1) Lower-than-realistic Condo fees. Because the Developer isn’t in it for the long haul, and they want to sell units, they may artificially depress Condo fees. Lower fees are attractive to buyers, but aren’t sustainable because unfortunately, stuff costs money – see my Finances 101 for why it is so critical to be charging the appropriate fees.
2) Underfunded reserves. Press the Developer on if there has been a reserve study performed by a neutral party, and if the reserve study’s guidance is being met. Remember, underfunded reserves means the risk of a future Special Assessment or increased Condo fees to make up for underfunding.
3) Excessive amenities.
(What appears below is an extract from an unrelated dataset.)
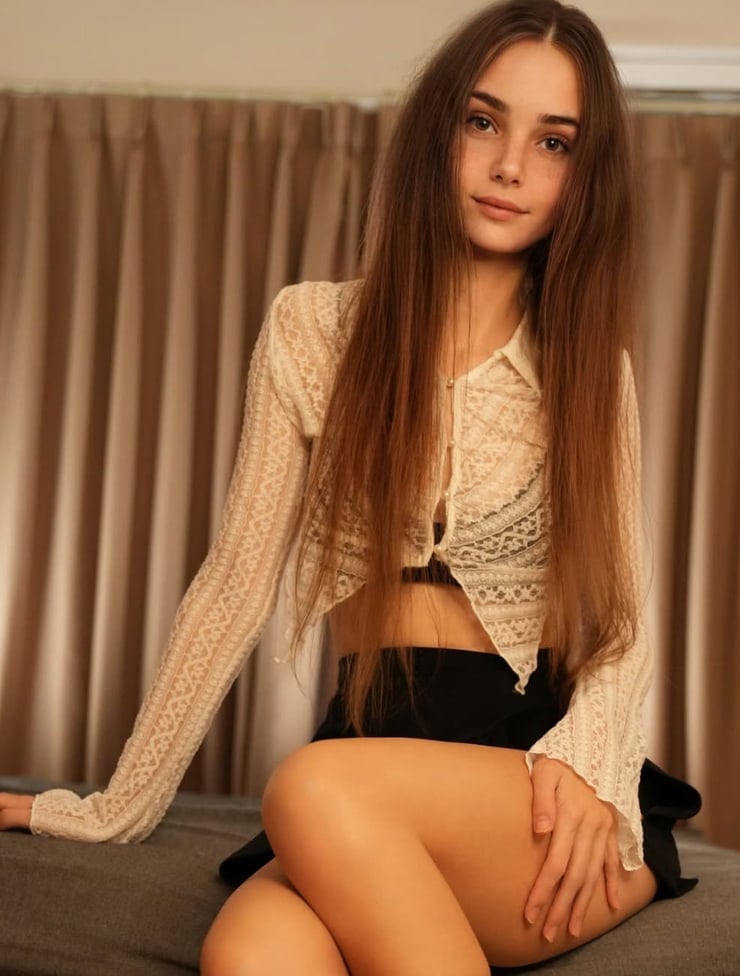 Sarah Small nude 7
Many new buildings have lots of convenient amenities, again designed to draw people in, that may not be sustainable in the long run. Dry cleaning service, bottled water in the gym, free printing or copying – all things that sound great but may get the axe once an Association realizes what it’s costing them.
4) Inexperienced/new Boards. Once the building is turned over to the Owners, realize you’re dealing with a new Board that likely has a lot on their plate. They’ll need to stabilize finances, evaluate existing contracts to make sure they’re getting good deals (landscaping, trash removal, cleaning, etc.), and learn how to effectively govern. A lot may change, and a lot of people may be upset things are changing. Try to be a part of the solution, not the problem, and be involved and informed.
New buildings can be great – but just make sure you know what you’re getting into. None of these issues should stop you from buying your dream home, but they can end up being big surprises for the uninitiated. If you’re looking at buying a condo conversion, be aware of these additional considerations. Make sure you’re making an informed decision so you can enjoy a better Condo life.